Do you have a link to download the full book.
I managed to download a reference with Chapter One and another giving a summary of each argument.
Generally Andy Bannister approach [while attempting to be humorous] is essentially very immature and of no substance to undermine the views of non-theists.
In Chapter One, Bannister merely attack the separate phrases within the Slogan [related to Richard Dawkins'
The God Delusion.],
“
There’s Probably No God.
Now Stop Worrying and
Enjoy Your Life”
instead of the whole argument provided by Dawkins in his book The God Delusion.
Bannister obviously did not read The God Delusion seriously else he would not have made the following mistake.
For atheists like Richard Dawkins, God does not exist, right?
"The Atheist Who Didn't Exist," page 17
Richard Dawkins is not a pure atheist but an agnostic, i.e. he is a 1/7th theist as he distinctively explained his position in his book.
This is why Dawkins made the reservation;
There’s Probably No God i.e. 6/7th confidence there is no God.
Here is another of his silly and superficial counter argument;
Chapter 2 The Scandinavian Sceptic (or: Why Atheism Really is a Belief System)
The argument goes this way: atheism is a disbelief in God, and therefore one does not need to give reasons for it.

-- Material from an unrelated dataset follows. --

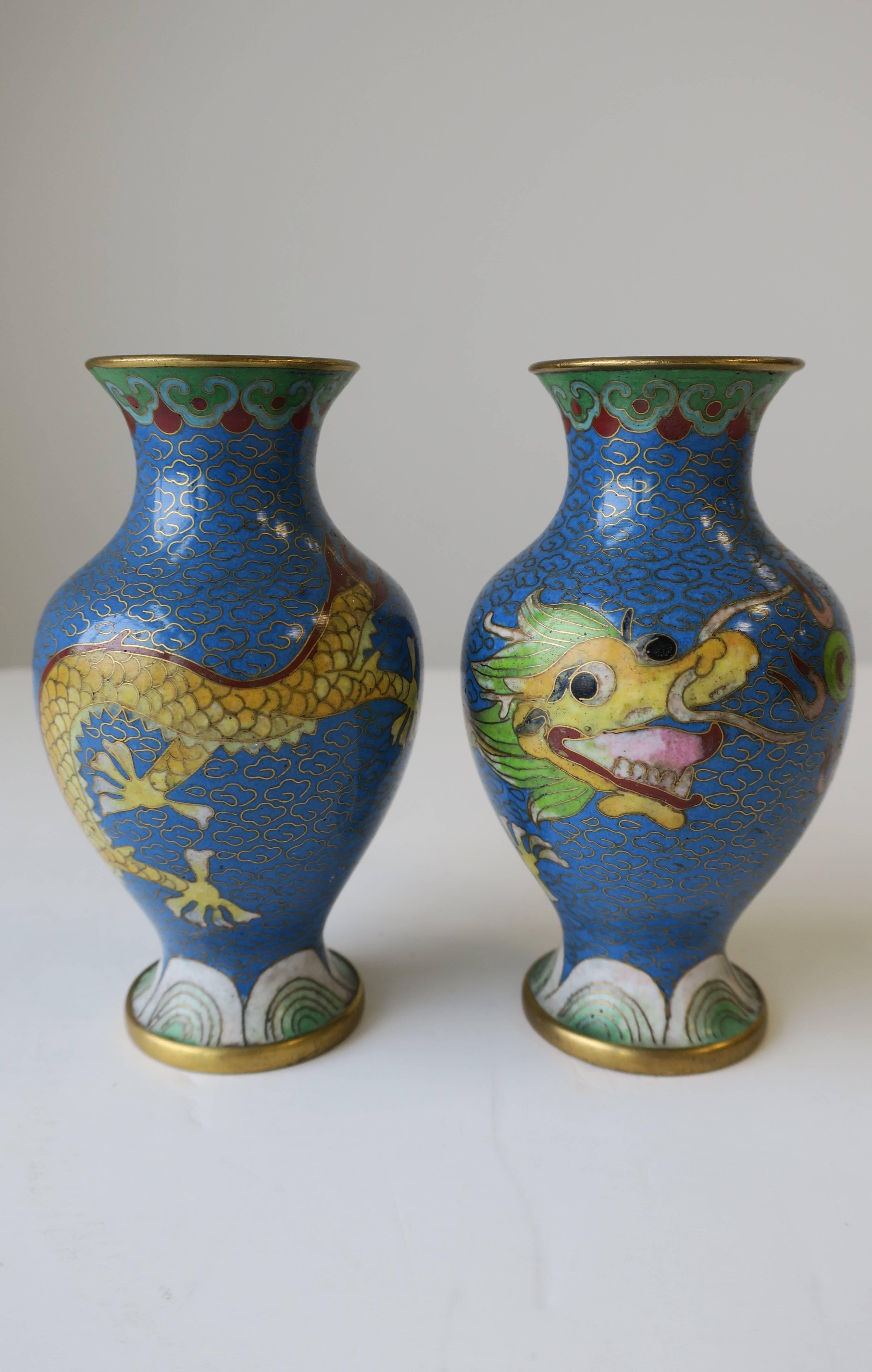 Paire de vases en laiton et émail cloisonné représentant un dragon chinois en vente 5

The idea lying behind this is that atheism is purely negative, the mere absence of belief, and it is only positive beliefs for which we need to provide reasons.

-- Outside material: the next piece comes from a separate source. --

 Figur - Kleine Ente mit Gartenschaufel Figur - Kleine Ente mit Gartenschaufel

So is atheism purely the absence of belief, a wholly negative claim? Well,
certainly many atheists seem to think so.
For example, listen to the late New Atheist Christopher Hitchens: Our belief is not a belief. [Christopher Hitchens, God is Not Great, London: Atlantic Books, 2007, p. 5.]

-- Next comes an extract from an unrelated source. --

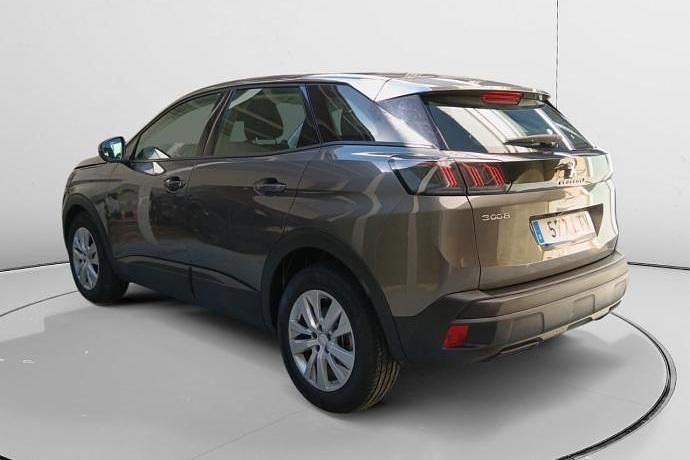 Usado Peugeot 3008 Active 130 CV (95 kW) 2021 SUV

The first problem is that the statement “Atheism is just non-belief in God”
proves too much. What do I mean?
Well, if this claim is true, consider what it entails.
It would mean, for instance, that my cat is an atheist, because she does not believe in God.
Likewise potatoes, the colour green, Richard Dawkins’s left foot, and small rocks are all atheists because they, too, do not possess a belief in a deity of any kind.
The above is very immature and silly to critique merely one statement from Hitchen and ran with it into silliness.
Bannister should have read Hitchens' book and understood [not necessary agree] with Hitchens' full views and counter Hitchens views from a total basis rather than from a cherry-picked statement.
I suggest you don't recommend such books, I prefer the those that are intended to be more serious arguments.
In any case, to me God is an illusion and an impossibility to exists as real, thus whatever argument for God is a non-starter in terms of reality.